*TASK*
All lines from the one with "Sexy Triathlete New" onward, through the last line of the records below, are to be retyped word for word.

▬▬▬▬▬▬

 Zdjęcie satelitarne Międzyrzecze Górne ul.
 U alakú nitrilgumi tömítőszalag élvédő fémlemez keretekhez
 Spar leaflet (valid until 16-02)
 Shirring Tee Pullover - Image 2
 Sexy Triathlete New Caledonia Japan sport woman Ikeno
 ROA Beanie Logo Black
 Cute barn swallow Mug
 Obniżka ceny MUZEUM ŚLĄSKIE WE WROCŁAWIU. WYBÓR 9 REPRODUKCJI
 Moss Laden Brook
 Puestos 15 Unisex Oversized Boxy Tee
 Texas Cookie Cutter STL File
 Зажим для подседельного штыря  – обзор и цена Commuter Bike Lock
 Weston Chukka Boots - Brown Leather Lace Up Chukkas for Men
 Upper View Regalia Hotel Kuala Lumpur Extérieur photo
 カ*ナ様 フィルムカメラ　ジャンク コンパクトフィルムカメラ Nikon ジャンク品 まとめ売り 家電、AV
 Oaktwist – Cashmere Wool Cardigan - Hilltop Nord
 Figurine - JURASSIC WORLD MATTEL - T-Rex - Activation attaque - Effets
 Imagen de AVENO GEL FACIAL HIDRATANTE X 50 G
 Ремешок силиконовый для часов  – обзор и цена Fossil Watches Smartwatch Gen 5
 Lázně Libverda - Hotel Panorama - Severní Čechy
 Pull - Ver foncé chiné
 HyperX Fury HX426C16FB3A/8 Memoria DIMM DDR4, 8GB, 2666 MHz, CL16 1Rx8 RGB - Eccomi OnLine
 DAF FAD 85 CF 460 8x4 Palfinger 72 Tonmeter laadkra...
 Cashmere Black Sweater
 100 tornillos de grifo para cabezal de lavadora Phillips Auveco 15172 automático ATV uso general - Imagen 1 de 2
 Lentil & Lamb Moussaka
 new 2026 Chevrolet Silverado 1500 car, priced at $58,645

▬▬▬▬▬▬

*EXERCISE RESULT*
 Sexy Triathlete New Caledonia Japan sport woman Ikeno
 ROA Beanie Logo Black
 Cute barn swallow Mug
 Obniżka ceny MUZEUM ŚLĄSKIE WE WROCŁAWIU. WYBÓR 9 REPRODUKCJI
 Moss Laden Brook
 Puestos 15 Unisex Oversized Boxy Tee
 Texas Cookie Cutter STL File
 Зажим для подседельного штыря  – обзор и цена Commuter Bike Lock
 Weston Chukka Boots - Brown Leather Lace Up Chukkas for Men
 Upper View Regalia Hotel Kuala Lumpur Extérieur photo
 カ*ナ様 フィルムカメラ　ジャンク コンパクトフィルムカメラ Nikon ジャンク品 まとめ売り 家電、AV
 Oaktwist – Cashmere Wool Cardigan - Hilltop Nord
 Figurine - JURASSIC WORLD MATTEL - T-Rex - Activation attaque - Effets
 Imagen de AVENO GEL FACIAL HIDRATANTE X 50 G
 Ремешок силиконовый для часов  – обзор и цена Fossil Watches Smartwatch Gen 5
 Lázně Libverda - Hotel Panorama - Severní Čechy
 Pull - Ver foncé chiné
 HyperX Fury HX426C16FB3A/8 Memoria DIMM DDR4, 8GB, 2666 MHz, CL16 1Rx8 RGB - Eccomi OnLine
 DAF FAD 85 CF 460 8x4 Palfinger 72 Tonmeter laadkra...
 Cashmere Black Sweater
 100 tornillos de grifo para cabezal de lavadora Phillips Auveco 15172 automático ATV uso general - Imagen 1 de 2
 Lentil & Lamb Moussaka
 new 2026 Chevrolet Silverado 1500 car, priced at $58,645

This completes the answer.